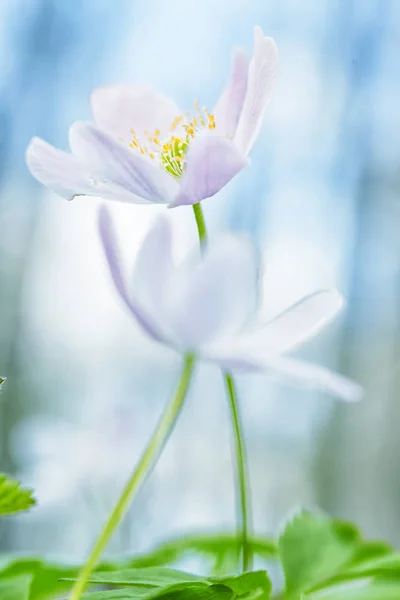 Zawilec Para Miłości Abstrakcja Białe Kwiaty Płytkiej Głębi Dzikie Kwiaty — Zdjęcie stockowe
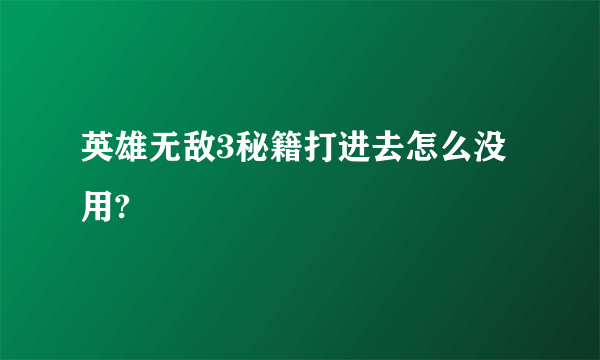 英雄无敌3秘籍打进去怎么没用?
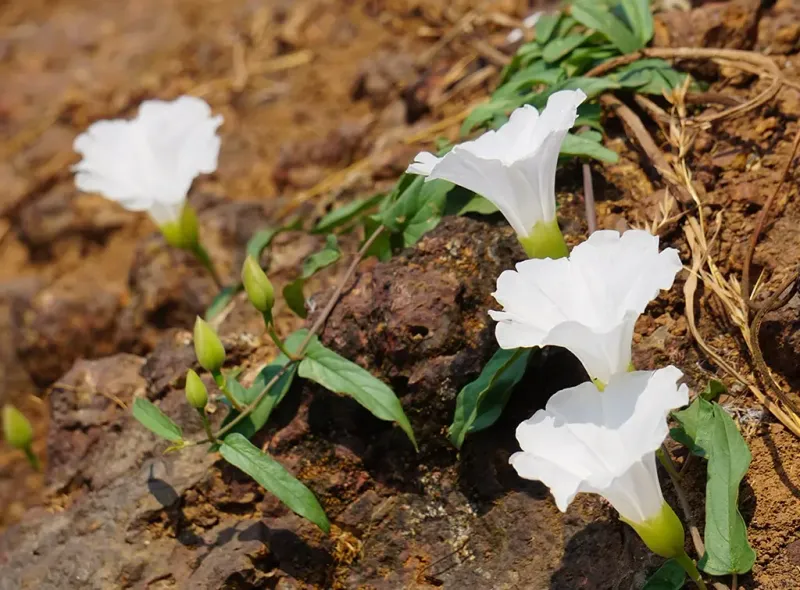 How To Stop Bindweed From Returning Next Season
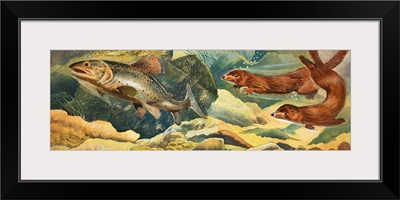 Otters chasing fish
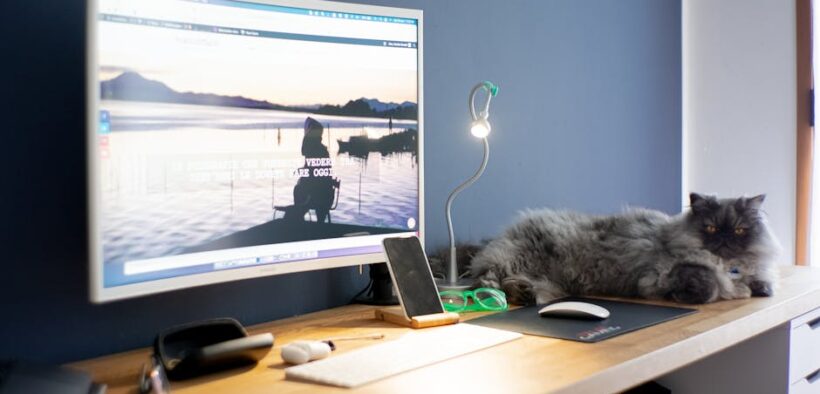 Cat vomiting brown fluid digestive symptom and monitoring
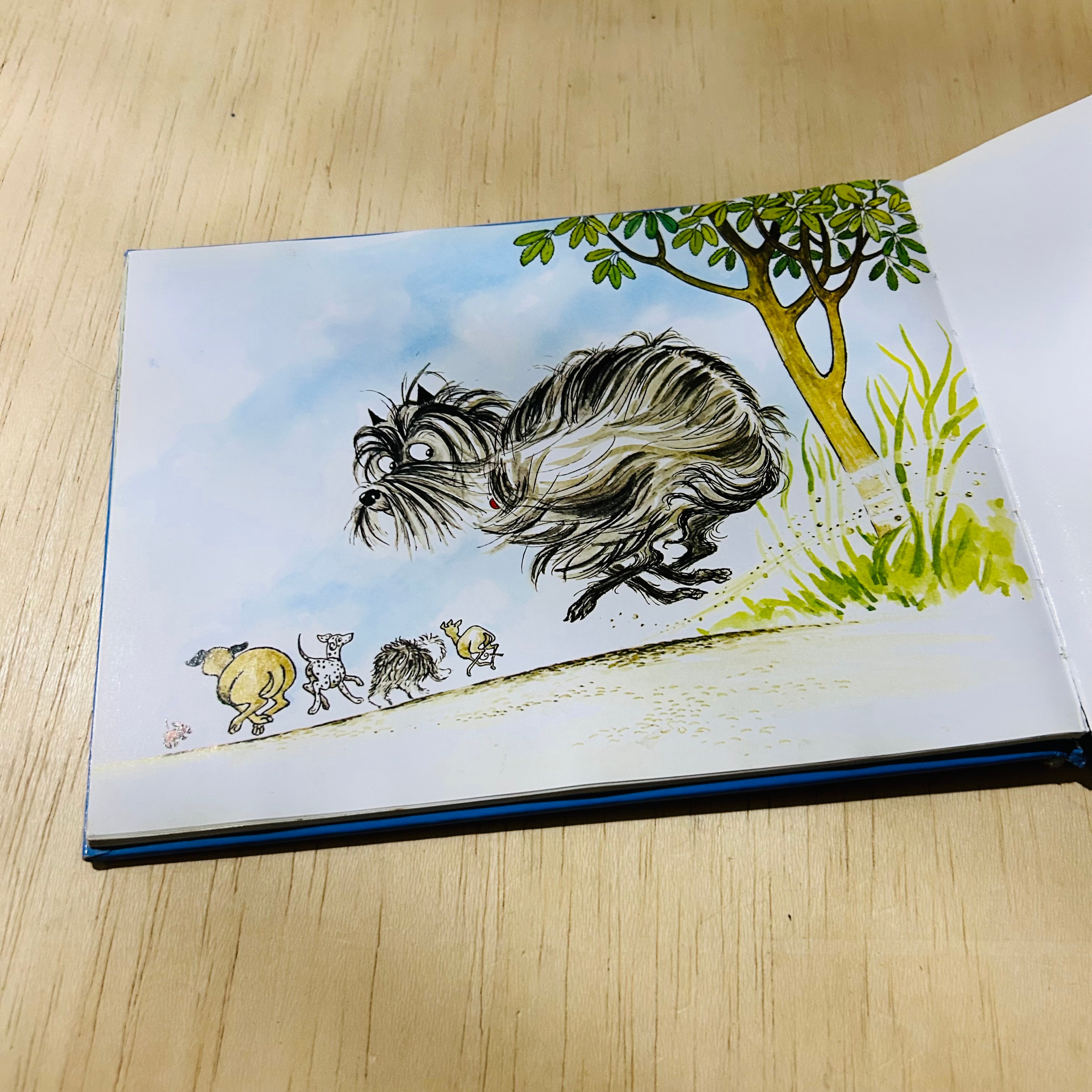 Hairy Maclary 5 Lynley Dodd Stories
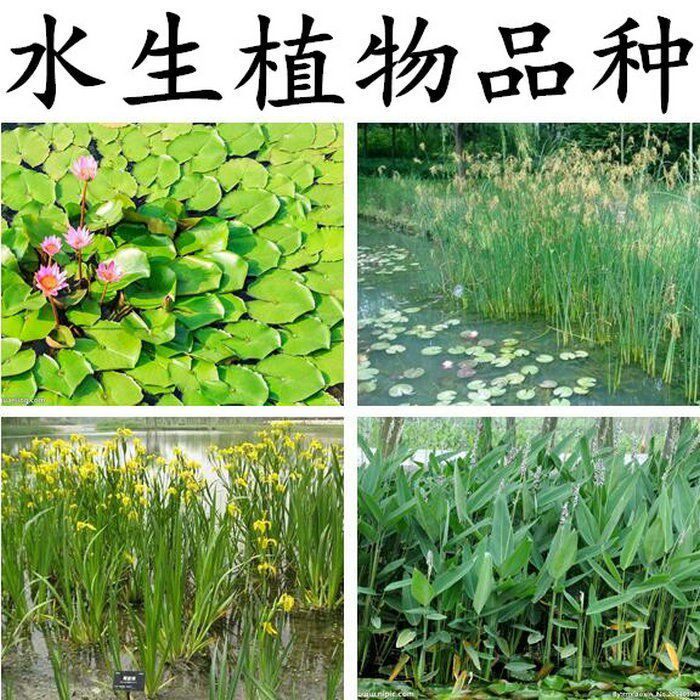 黄菖蒲种子美人蕉香蒲芦苇千屈菜再力花蓝花鸢尾水葱睡碗莲荷花籽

-=-=-

→ WHAT NEEDS TO BE DONE
Your answer must be an exact copy of the listing, with every picture omitted.

→ REPLY
 Zawilec Para Miłości Abstrakcja Białe Kwiaty Płytkiej Głębi Dzikie Kwiaty — Zdjęcie stockowe
 英雄无敌3秘籍打进去怎么没用?
 How To Stop Bindweed From Returning Next Season
 Otters chasing fish
 Cat vomiting brown fluid digestive symptom and monitoring
 Hairy Maclary 5 Lynley Dodd Stories
 黄菖蒲种子美人蕉香蒲芦苇千屈菜再力花蓝花鸢尾水葱睡碗莲荷花籽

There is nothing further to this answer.